6.2 Resolution of Disputes. The members of the coordinating
committees of the Boards of Directors of ALLIED Mutual Insurance Company, ALLIED
Group, Inc., and ALLIED Life Financial Corporation ("Coordinating Committee")
shall be asked to resolve any disputes arising under this Agreement.
Notwithstanding anything in this Agreement to the contrary, if any disputes
under this Agreement must be resolved by arbitration pursuant to Section 7.0,
termination of this Agreement which otherwise would occur shall not occur until
after final resolution by the arbitrator.

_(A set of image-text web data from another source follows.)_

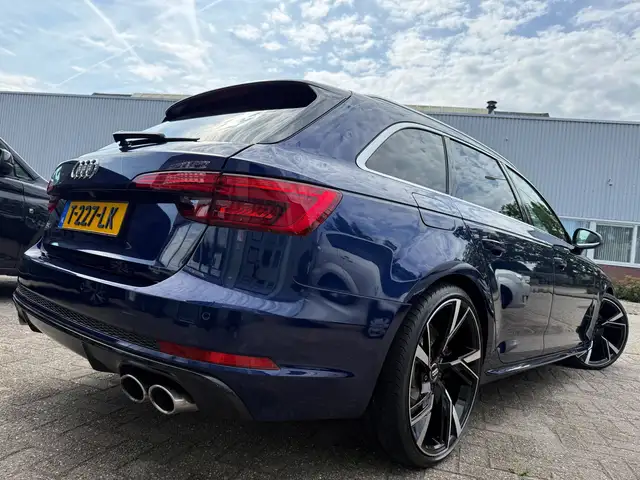 Audi A4 view 6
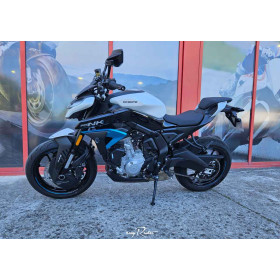 motorcycle rental CF Moto 675 NK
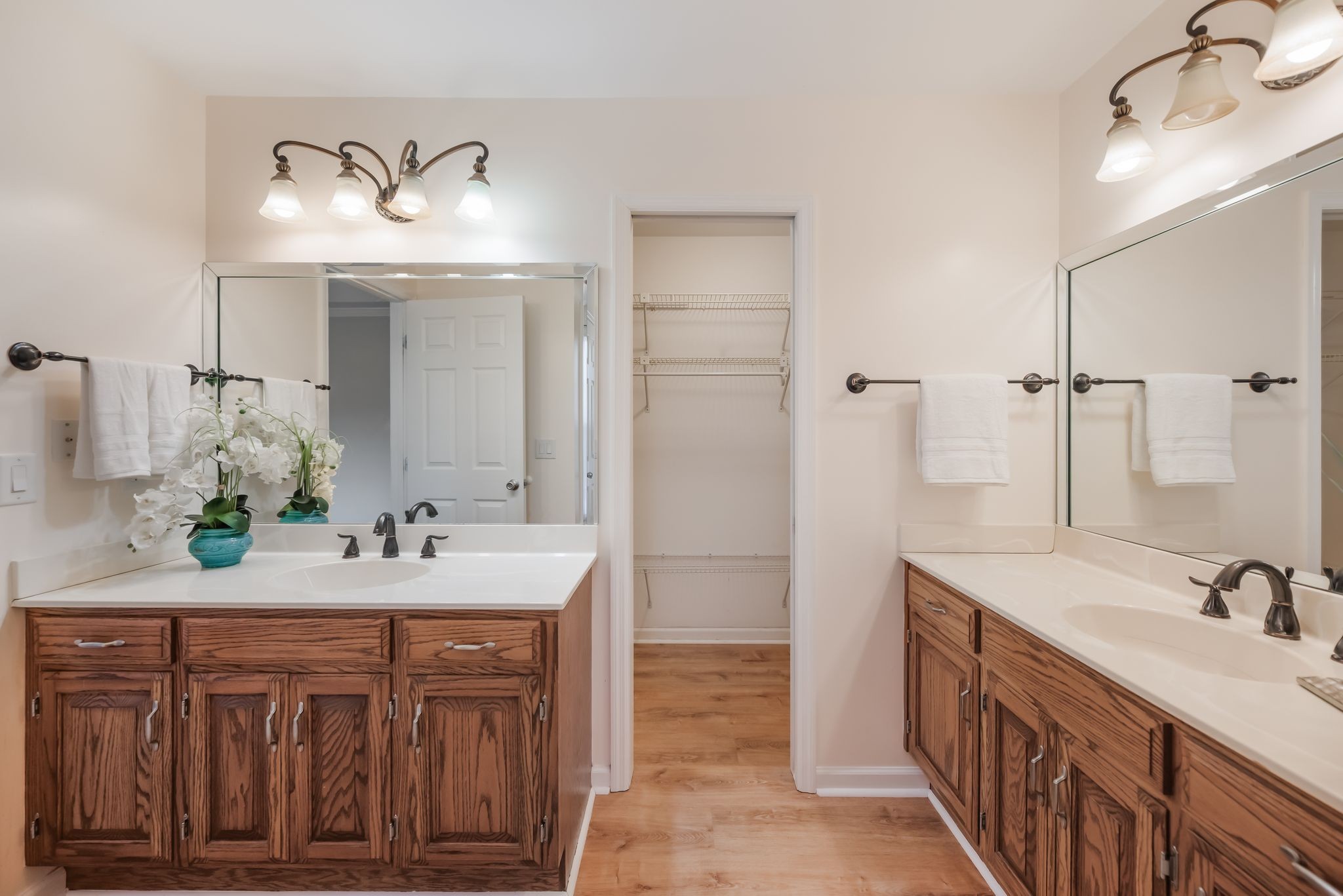 1281 General George Patton Road Nashville, TN 37221 - Photo 20 of 32 a bathroom with a sink and a mirror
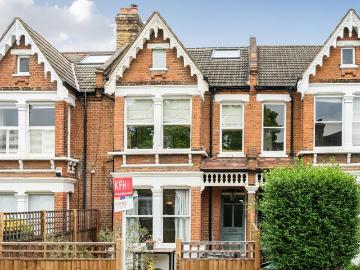3 bedroom maisonette for sale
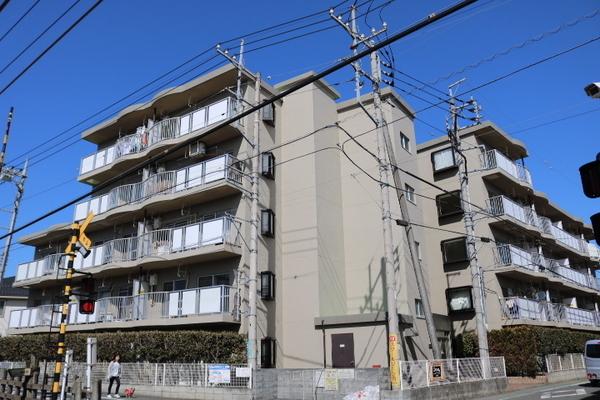 スクウェアパレス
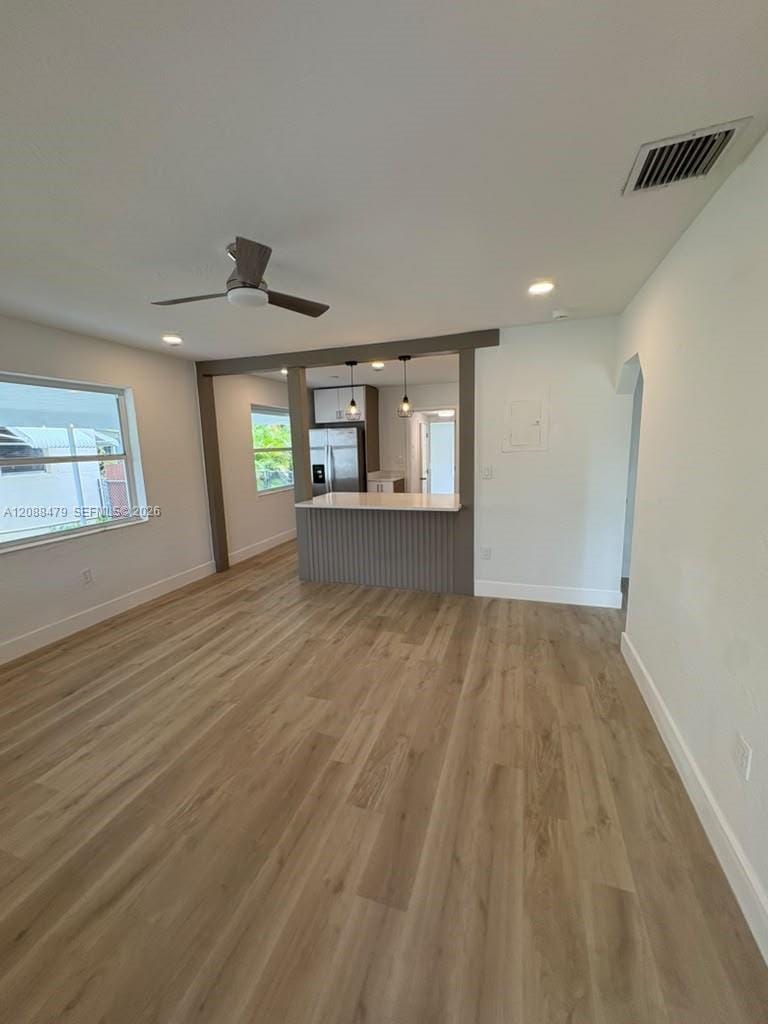 825 S 28th Avenue — photo 3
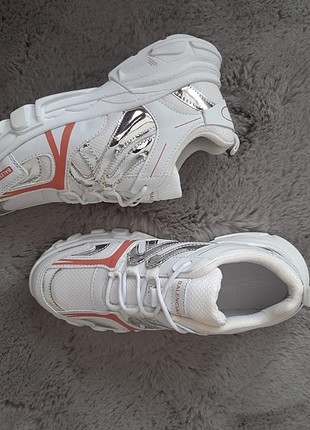 Balenciaga beyaz spor ayakkabı 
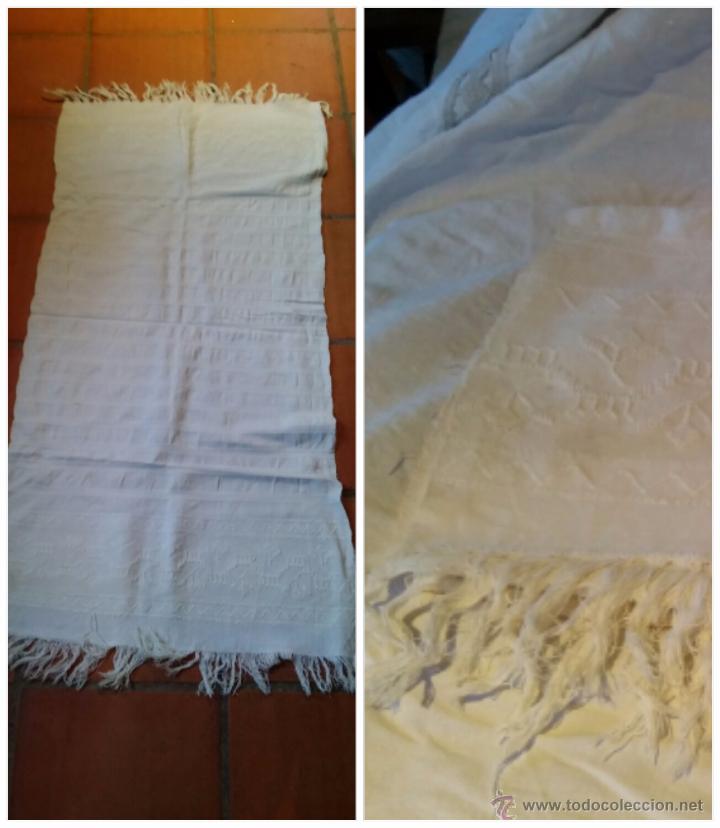 Antiquit&eacute;s: ANTIGUA TOALLA LINO. 125 X63 CM
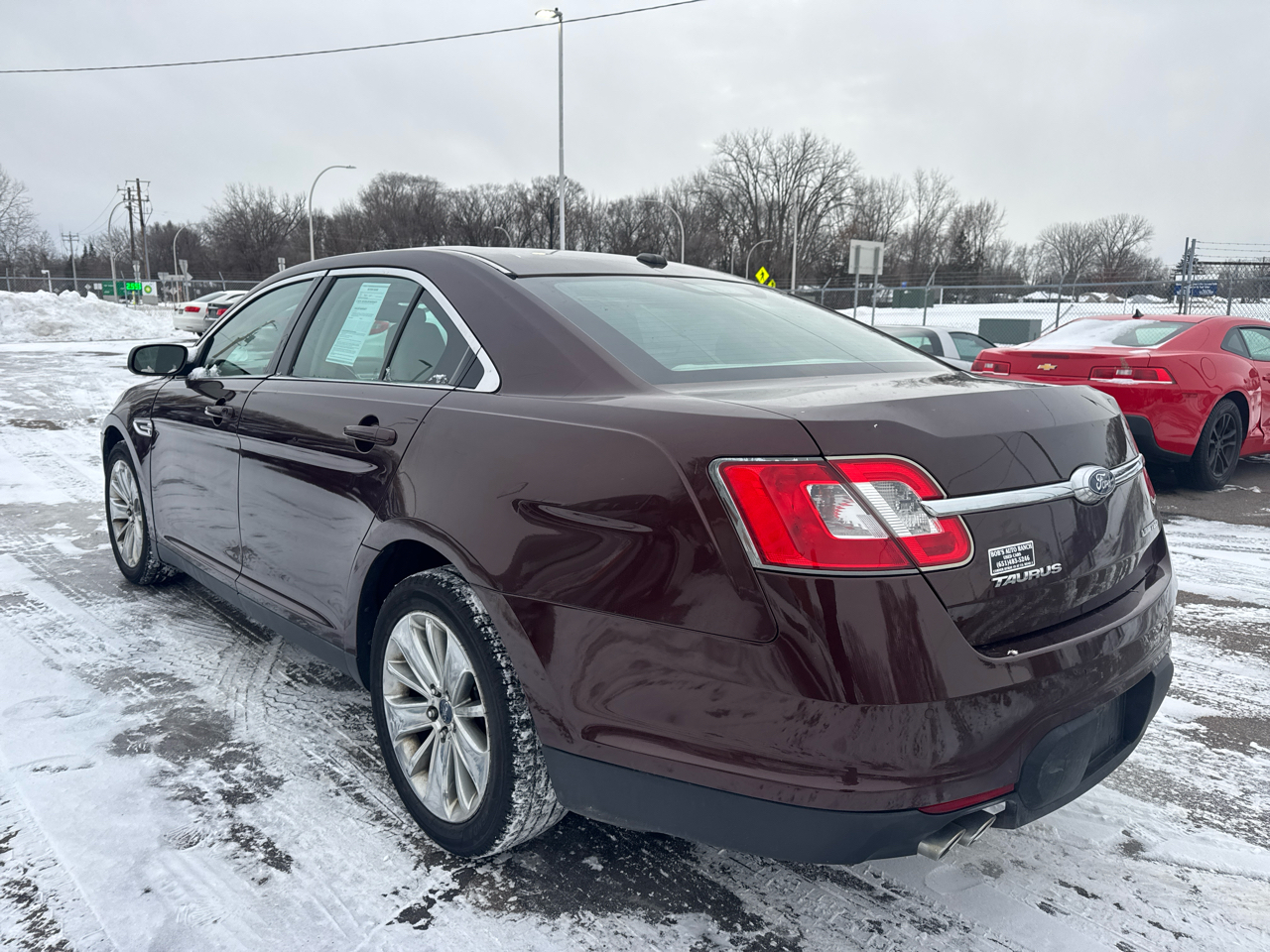 Ford Taurus 4dr Sdn Limited FWD 2010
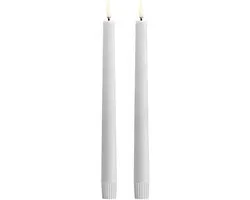 UYUNI TAPER Bougie de dîner LED, lot de 2 de Uyuni Lighting – élégance et technologie LED durable pour un éclairage d'ambiance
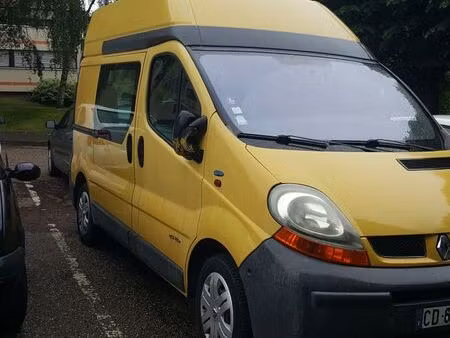 Renault Trafic 2.5 dCi 140
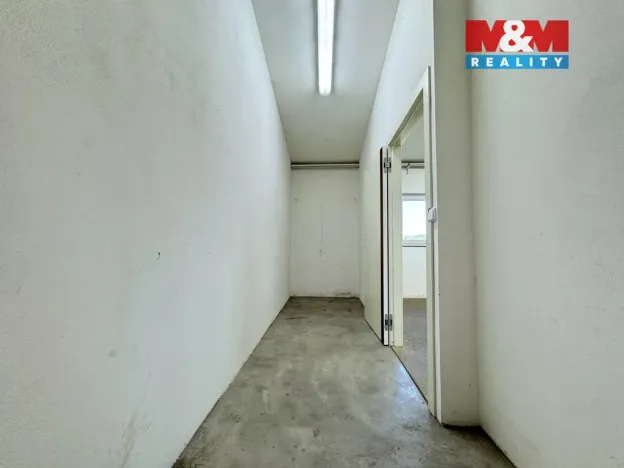 Pronájem skladu, Zubčice - Markvartice, 427 m2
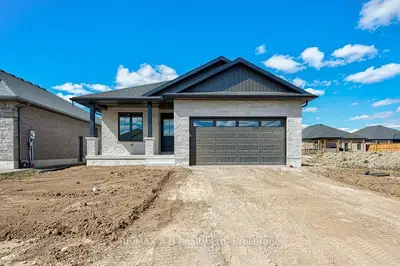 8 Orchard Drive, Stratford, On N5a 0l1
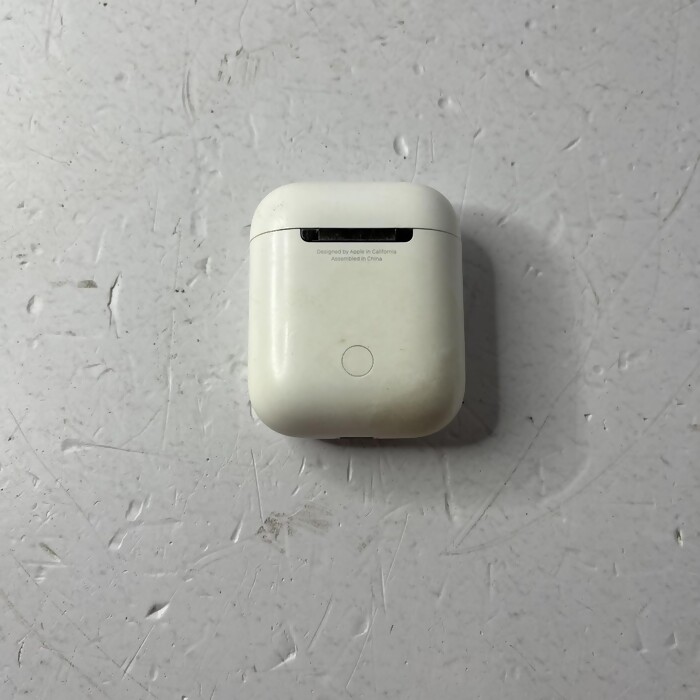 Беспроводные наушники Apple AirPods 2 (1 поколение)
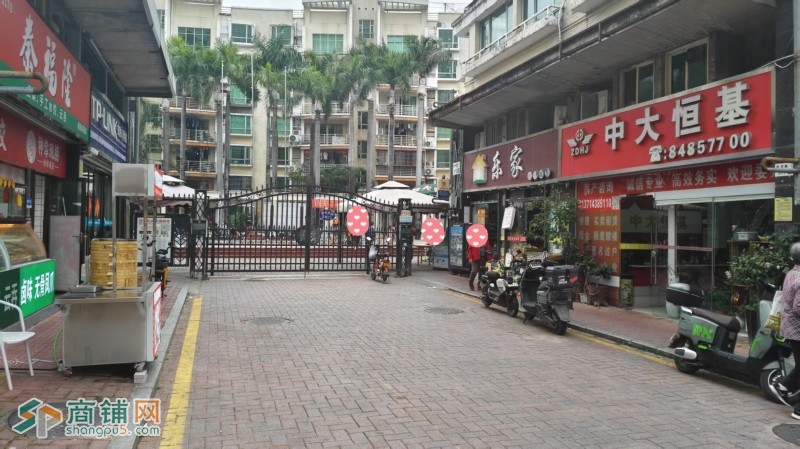 W龙岗乐家生活超市转让图2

6.3 Resolution of Post Termination Disputes. In the event there are
any post termination disputes in connection with this Agreement, such disputes
shall be submitted to the Coordinating Committee for resolution.
7.0 Arbitration.
7.1. Selection of Arbitrators. Each party to this Agreement hereby
consents and agrees that any dispute between the parties hereto with respect to
the interpretation, performance, or breach of any of the terms of this Agreement
or the transactions contemplated by this Agreement which cannot be resolved by
the Coordinating Committee shall be referred to arbitration conducted in
accordance with the rules and procedures of the American Arbitration Association
("AAA"), upon written request of any party given to the others. Within thirty
(30) days of the giving of such written notice, the Life Segment and the P/C
Segment shall each nominate an AAA-licensed arbitrator (the "Party
Arbitrators"). Within thirty (30) days of their nomination, the two Party
Arbitrators shall select a third AAA-licensed arbitrator (the "Third
Arbitrator") and shall give the Life Segment and the P/C Segment written notice
or such choice.
7.2 Authority of Arbitrators. The arbitrators shall be empowered to
decide all issues submitted to arbitration using principles of law and equity
and, if required, by application of any customary practices in the insurance and
reinsurance industries. The arbitrators shall be relieved of all judicial
formalities and shall not be required to follow any rules of evidence except as
such rules may be imposed on arbitration proceedings conducted in accordance
with the laws of the State of Iowa, but the arbitrators shall attempt to enforce
the intents and purposes of this Agreement to the extent practicable and in
accordance with Iowa law. The decision of a majority of the arbitrators shall be
final and binding on the Life Segment, the P/C Segment, and their subsidiaries.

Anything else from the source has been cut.